Anonymous Voting is Garbage

What is the problem with free anonymous votes? Just like an infinite supply of money, it has no real value. Get one account banned and start working on the next. I might be able to believe this drivel if I didn't know so many cases that proved this wrong:

We strongly believe attempts to game Digg are ineffective. While it would be foolish to say that Digg has never been artificially manipulated in the 2+ years (50,000,000+ diggs) we’ve been live, we’re confident that such attempts do not impact the content that reaches the home page.
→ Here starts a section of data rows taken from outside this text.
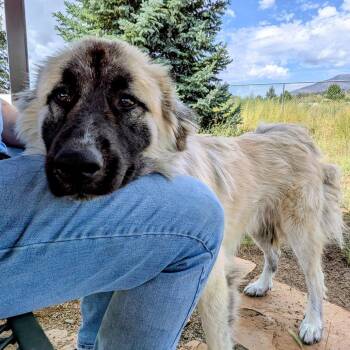 Shaggy -  Anatolian Shepherd Dog for Adoption in Flagstaff, Arizona - Shaggy | PetCurious
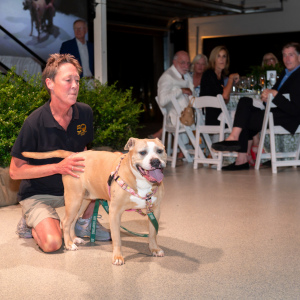 ARF\'s Debbie Downs with Smushie. Photo by Mark Kopko Photography.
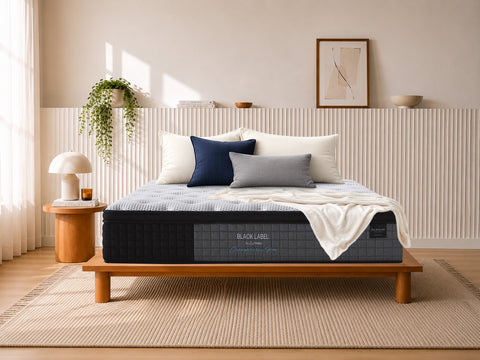 Chiropractic BLACK LABEL Hybrid Mattress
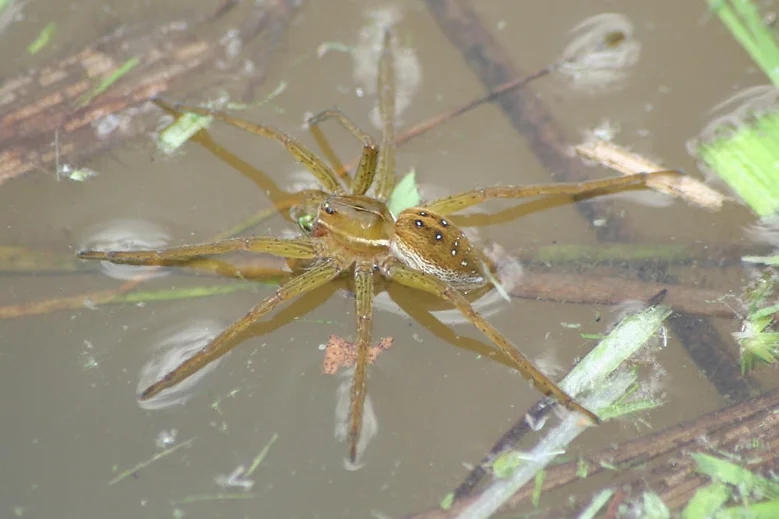 Fishing Spider | size,Diet & Habitat Facts fishing spider (1)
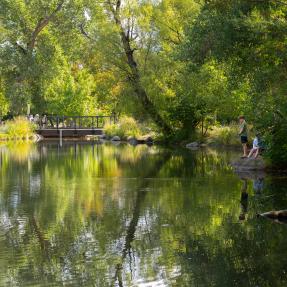 Evert Kids' Fishing Pond surrounded by trees 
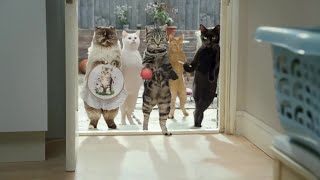 Cravendale Milk  Gangs of Cats with Opposable Thumbs TV Commercial  UK TV ADVERT 2011 [upl. by Egor]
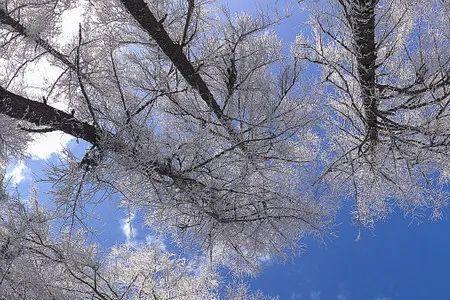 天阴欲雪的对偶句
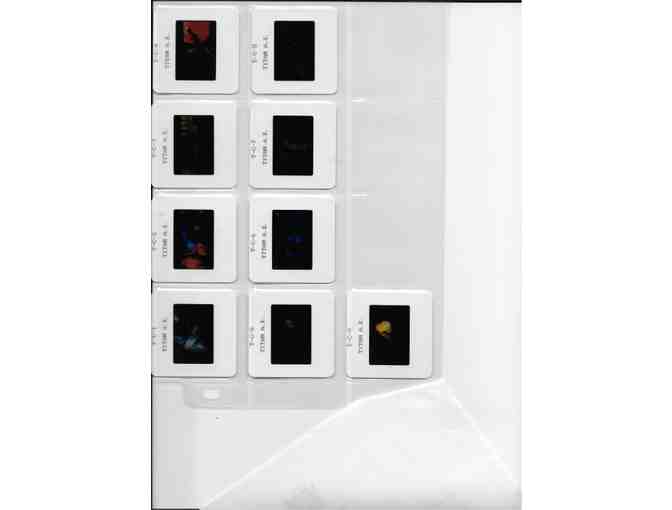 TITAN A.E., 2000, color slides, Don Bluth animation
Beyond self interested manipulation, allowing people (or bots) to vote on content takes the focus away from the content and makes people interested on arbitrary voting or how voters may respond. It makes the content watered down, average, bland, and generally worthless. It takes the focus away from your value and accepts anonymous input as having some real value, but outside of gaming them for links, they don't...just look at how fast they leave sites.

Your creativity, and value are in your addictions.

Published: February 5, 2007 by Aaron Wall in marketing

Comments

February 6, 2007 - 12:15am

Aaron, I totally agree. The entire process of voting is made usless when the voters may simply be faceless bots.

February 6, 2007 - 12:49am

As humans we just love to judge things though, so I guess voting will stay :)

February 6, 2007 - 1:39am

This seems to be a major problem on youtube with pr firms setting up volumes of accounts en mass and creating fake comments and votes for their clients on a huge scale. This appears especially common in the realm of unsigned pop acts.

The potential reach on youtube is so great and the cost to 'game' youtube will on paper appear relatively small to companies used to paying $100k + for TV spots. So i guess they will see it all as worth the risk.

How a genuine voting system overcomes this problem may require some sort of link voting/ citation system similar to regular search engines - so atleast the right people to address this are close by ;-)

February 6, 2007 - 8:03am

Sorry, Aaron, I can't agree completely here.

While I agree that anonymous and not so well moderated content rating and commenting doesn't very well enhance the content, having well moderated content reviews (and rating is a form of a review) will only help greater content bubble up to the surface, because human created reviews, just as editors reviews, inspire trust for content.

The question is, though, that it is hard to make sure voting is not gamed and it is equally hard to moderate all the content rating you get for all the submitted content.